Les Personnes d'Expérience 7


Aujourd’hui le bleu de cette photo prise à Uxem, Nord, le 9 juillet 2016 pour Josette Crapoulet.
Elle portait toujours un pull bleu. Ses mots hachés, bousculés, tombaient  en flot continu sur mon cahier. Le temps, la généalogie, le vocabulaire y étaient sans cesse réinventés.

 - Il y a Josette,  l’acrobate, qui faisait des salto au Québec, Josette qui ne s’en laisse pas conter. Au travail, ils lui donnaient des papiers, elle les regardait, disait si c’était bon, et ils repartaient. Ils auraient pu le faire eux même dit elle! Oui, elle ne s’en laisse pas conter! Au cinéma, quand arrivait le danger, elle tendait ses deux doigts en forme de révolver pour éloigner la peur.
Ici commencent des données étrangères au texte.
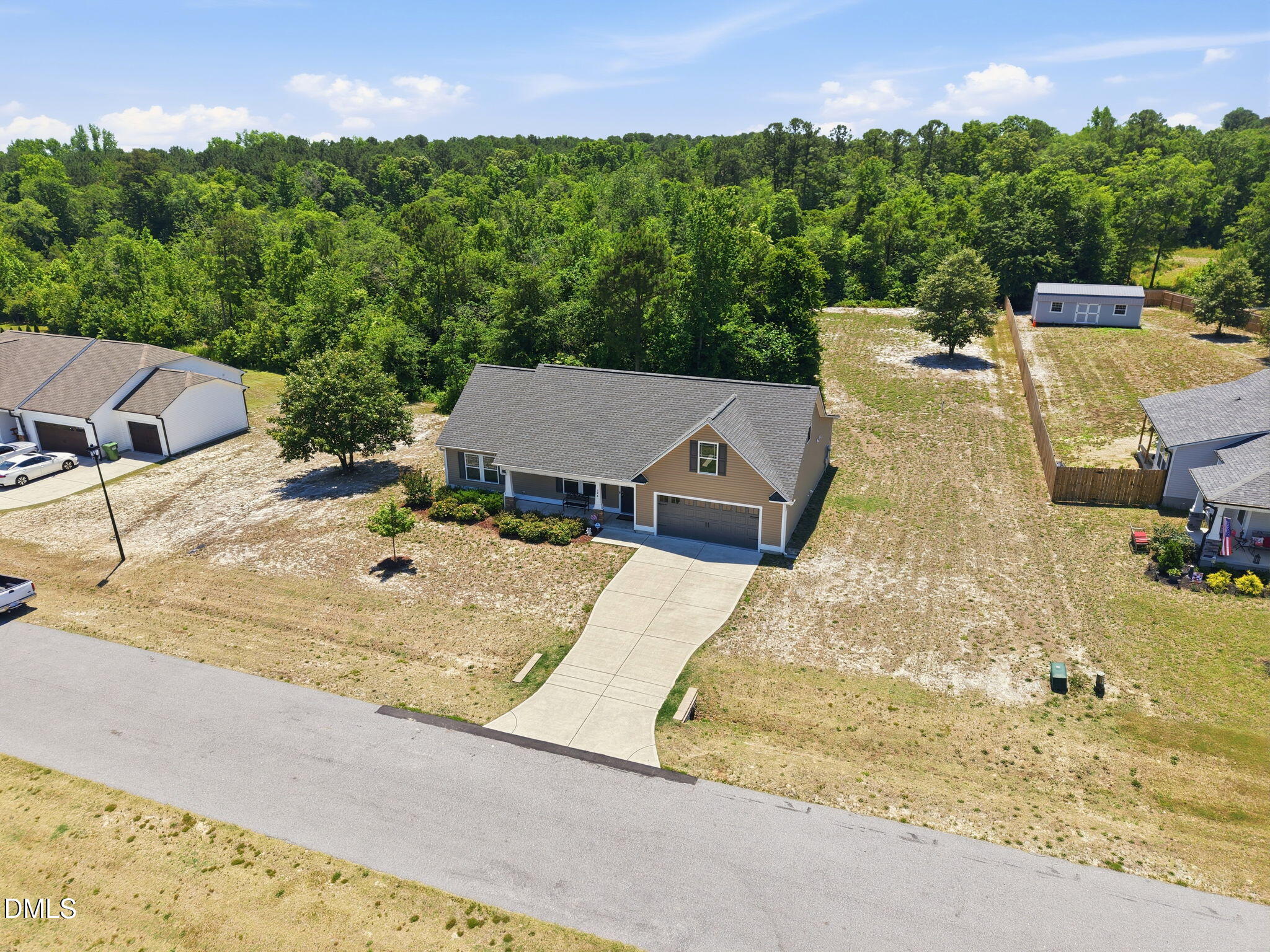 346 Touchdown Way Benson, NC 27504 - Photo 4 of 21 9-web-or-mls-DJI_20260529125401_0686_D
Sa mère n’était pas commode non plus,  quand Josette rentrait du ciné, celle ci la regardait, l’oeil noir: «  C’est qui qu’a payé, si c’est ton p’tit capain (c’est comme ça qu’elle disait), ça va. » Ils était cinq à la maison, Josette était la deuxième, fallait tenir son rang! Il y régnait un joyeux désordre, des enfants qui se disputent, jouent et sautent dans tous les sens et parfois la mère excédée qui élève la voix pour calmer son monde. Mais cela produit l’effet inverse, jusqu’à ce que le père  s’en mêle.
Et Josette qui me dit: c’est bien que vous soyez là, ça nous fait de l’air dessous les bras et dessous les jambes. Décidément, Josette…

lundi 3 juillet 2017



Les Personnes d'Expérience 6


(Séverac-le-Chateau, Aveyron, 5 aout 2016) 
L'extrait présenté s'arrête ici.